On December, 8th 2015, Pope Francis opened the Jubilee of Mercy. Since this date, Catholic around the World have lived a very special year! This week, the time has finally come to close the event… As in the rest of the world, celebrations are taking place along the Camino. Meetings are organized, Masses are celebrated, Holy Doors are sealed.
Focus on an exceptional event for Catholics… and the Camino de Santiago!
What is a Catholic jubilee?
A jubilee is the celebration of a special anniversary; an even that is litteraly joyful! For Catholics, it’s also the occasion to (re)focus on their faith and practices, to come closer to God and the Church. A jubilee is also a Holy Year. Such year is celebrated every 25 years since 1300 and, until 2000, its effect was limited to Rome (Italy). However, the Pope can exceptionally declare a jubilee: it’s then called an “extraordinary jubilee”. It happened twice in the past century: in 1933 an in 1983.
A jubilee is of great importance for believers! Indeed, they can be granted exceptional plenary indulgences, that is to say, the full cleansing of all their sins for their temporal lives. Of course, there are specific requirements to get it. Traditionally, plenary indulgences are gained in exchange of various spiritual actions (among which confession, communion, charity and good works). The Pope also has the power to give a theme to a jubilee and to set specific practices for it.
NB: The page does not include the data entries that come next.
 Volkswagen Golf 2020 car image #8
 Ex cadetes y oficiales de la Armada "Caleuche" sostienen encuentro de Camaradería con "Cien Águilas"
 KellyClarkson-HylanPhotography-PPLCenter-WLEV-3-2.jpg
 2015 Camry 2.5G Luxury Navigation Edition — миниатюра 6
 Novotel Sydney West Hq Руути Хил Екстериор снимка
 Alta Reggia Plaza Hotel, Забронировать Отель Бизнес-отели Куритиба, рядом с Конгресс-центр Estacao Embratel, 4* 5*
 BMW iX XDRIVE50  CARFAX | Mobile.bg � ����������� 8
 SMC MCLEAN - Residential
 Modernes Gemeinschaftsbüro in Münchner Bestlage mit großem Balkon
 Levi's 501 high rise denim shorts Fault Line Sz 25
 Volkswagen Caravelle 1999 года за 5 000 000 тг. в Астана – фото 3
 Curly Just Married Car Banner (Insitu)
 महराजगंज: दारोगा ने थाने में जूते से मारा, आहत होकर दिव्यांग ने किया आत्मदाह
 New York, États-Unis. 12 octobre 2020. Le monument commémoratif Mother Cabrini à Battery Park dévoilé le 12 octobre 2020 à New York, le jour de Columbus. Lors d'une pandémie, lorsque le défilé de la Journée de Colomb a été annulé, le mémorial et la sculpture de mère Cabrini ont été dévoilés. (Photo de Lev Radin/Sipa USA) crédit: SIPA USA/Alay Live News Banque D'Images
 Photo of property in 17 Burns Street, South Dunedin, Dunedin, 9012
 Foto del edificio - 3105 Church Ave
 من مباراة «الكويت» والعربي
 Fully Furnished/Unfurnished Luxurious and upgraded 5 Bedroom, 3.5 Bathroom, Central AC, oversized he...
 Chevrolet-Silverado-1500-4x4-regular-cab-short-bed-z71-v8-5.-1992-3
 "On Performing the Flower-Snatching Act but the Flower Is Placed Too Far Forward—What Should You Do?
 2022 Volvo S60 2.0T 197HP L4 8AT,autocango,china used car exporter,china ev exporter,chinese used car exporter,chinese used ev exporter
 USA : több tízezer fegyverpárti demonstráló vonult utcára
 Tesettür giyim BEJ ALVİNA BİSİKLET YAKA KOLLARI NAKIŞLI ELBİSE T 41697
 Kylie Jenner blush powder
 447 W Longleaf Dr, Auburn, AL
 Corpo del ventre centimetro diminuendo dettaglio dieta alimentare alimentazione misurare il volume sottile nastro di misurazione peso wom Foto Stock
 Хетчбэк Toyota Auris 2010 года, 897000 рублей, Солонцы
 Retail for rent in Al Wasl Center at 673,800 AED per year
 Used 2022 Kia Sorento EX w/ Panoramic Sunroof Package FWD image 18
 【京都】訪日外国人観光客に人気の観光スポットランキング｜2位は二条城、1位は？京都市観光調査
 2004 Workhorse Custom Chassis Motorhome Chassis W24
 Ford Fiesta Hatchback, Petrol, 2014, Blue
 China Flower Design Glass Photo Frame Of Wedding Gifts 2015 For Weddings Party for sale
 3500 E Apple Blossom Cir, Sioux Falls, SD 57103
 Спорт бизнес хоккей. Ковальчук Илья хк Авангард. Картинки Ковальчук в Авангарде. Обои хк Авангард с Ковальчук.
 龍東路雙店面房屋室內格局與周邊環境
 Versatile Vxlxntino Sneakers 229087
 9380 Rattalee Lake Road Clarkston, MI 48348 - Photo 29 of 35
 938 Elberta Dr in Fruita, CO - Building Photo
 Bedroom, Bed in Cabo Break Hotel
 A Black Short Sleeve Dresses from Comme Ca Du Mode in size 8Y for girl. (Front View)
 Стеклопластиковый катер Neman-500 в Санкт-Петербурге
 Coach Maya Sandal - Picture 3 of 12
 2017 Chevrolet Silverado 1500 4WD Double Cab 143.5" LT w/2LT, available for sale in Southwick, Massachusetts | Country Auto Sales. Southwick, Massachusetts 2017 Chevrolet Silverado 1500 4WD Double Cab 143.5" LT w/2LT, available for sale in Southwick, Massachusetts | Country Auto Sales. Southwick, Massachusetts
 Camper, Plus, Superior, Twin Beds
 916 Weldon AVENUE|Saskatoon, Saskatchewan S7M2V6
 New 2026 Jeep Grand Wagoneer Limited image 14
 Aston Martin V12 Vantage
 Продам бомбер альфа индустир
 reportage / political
Pilgrimages are at the heart of jubilees. Catholics have the obligation to do one to receive the indulgences. The pilgrimage is here understood by its simplest meaning: “going to visit a sacred place”. Until 2000, one consequently had to go to Rome.
What is the Jubilee of Mercy?
The 2015-2016 jubilee is an Extraordinary Holy Year announced by Pope Francis. It was officially declared on April, 11th 2015 and was opened in Rome on December, 8th 2015.
This jubilee had 2 main purposes. First, to commemorate the 50 years of the closure of the Second Vatican Council. Then and mainly, to put the Divine Mercy at the center of the spiritual life of Catholic believers.
The Pope also wished that the experience of Mercy and the indulgences would be achievable by all believers. Conventionally done to Rome, the pilgrimage was made possible everywhere in the world! Catholics around the globe had an easier access to plenary indulgences. Instead of a pilgrimage to Rome, everyone had the opportunity to validate his-her pilgrimage in his-her region, thanks to the opening of Holy Doors in every diocese. These were called “Doors of Mercy” for the occasion.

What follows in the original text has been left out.